Research and Discoveries

Quincke was the first to study cerebrospinal fluid, determining its composition, specific gravity, and characteristics in cases of purulent meningitis. In 1879, he described gastroesophageal reflux, peptic esophageal ulcer, and reflux esophagitis as separate diseases. In 1882, he proposed the peptic theory of gastric ulcer development, which suggested that the main cause of gastric ulcers is hydrochloric acid. According to his theory, the higher the concentration of acid in gastric juice, the more frequent the occurrence of ulcers.

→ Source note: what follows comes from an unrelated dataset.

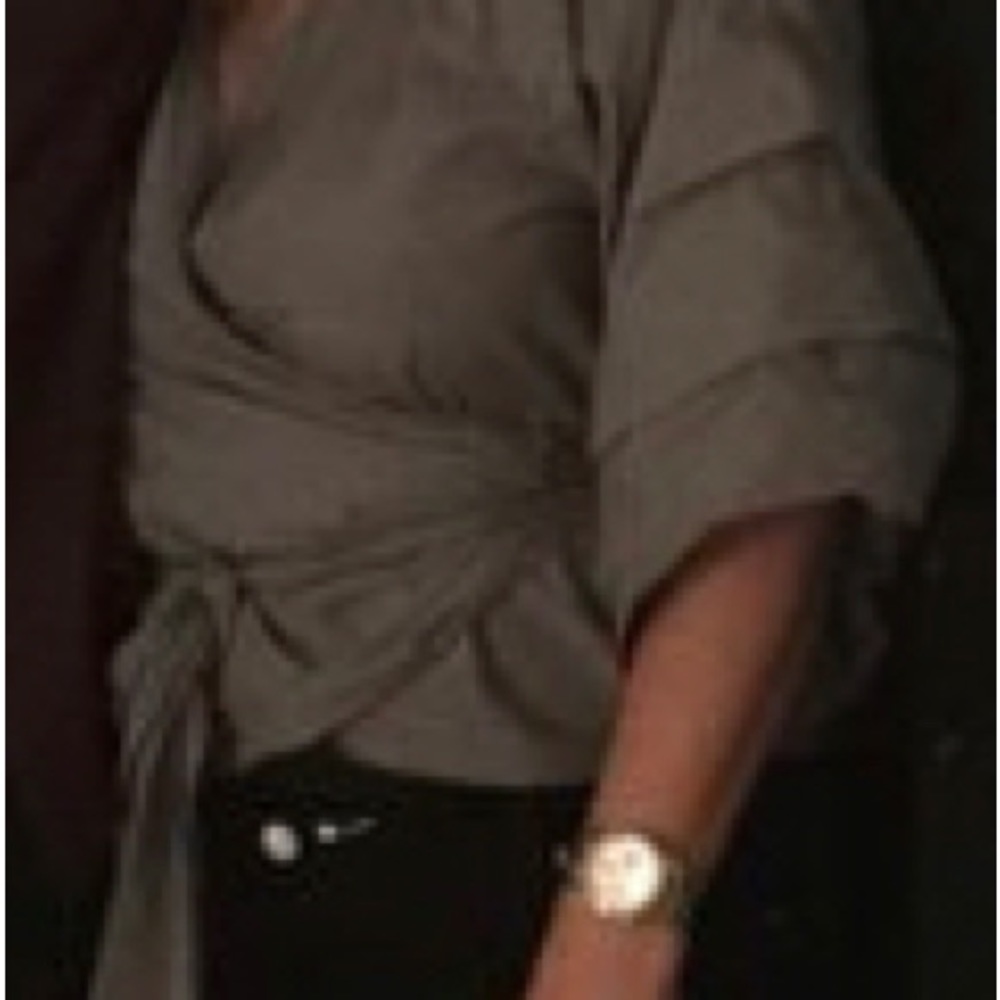 Beautiful Blouse Ruffle Sleeves - Picture 3 of 8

In the same year, Quincke studied acute angioedema of the skin, which was later named Quincke's edema. He also introduced the Quincke position, which involves elevating the patient's legs above their head while in bed.

Quincke's edema is an inherited or allergic disease characterized by recurrent edema of the skin, subcutaneous tissue, or mucous membranes.

Quincke's pulse (Quincke's sign) refers to the nail capillary pulse. It is a rhythmic, synchronous change in the color of the nail bed that indicates aortic valve insufficiency.

Overall, Heinrich Irenaeus Quincke's contributions to medicine have had a lasting impact on various fields, from anesthesia to the understanding of gastric ulcers and other medical conditions.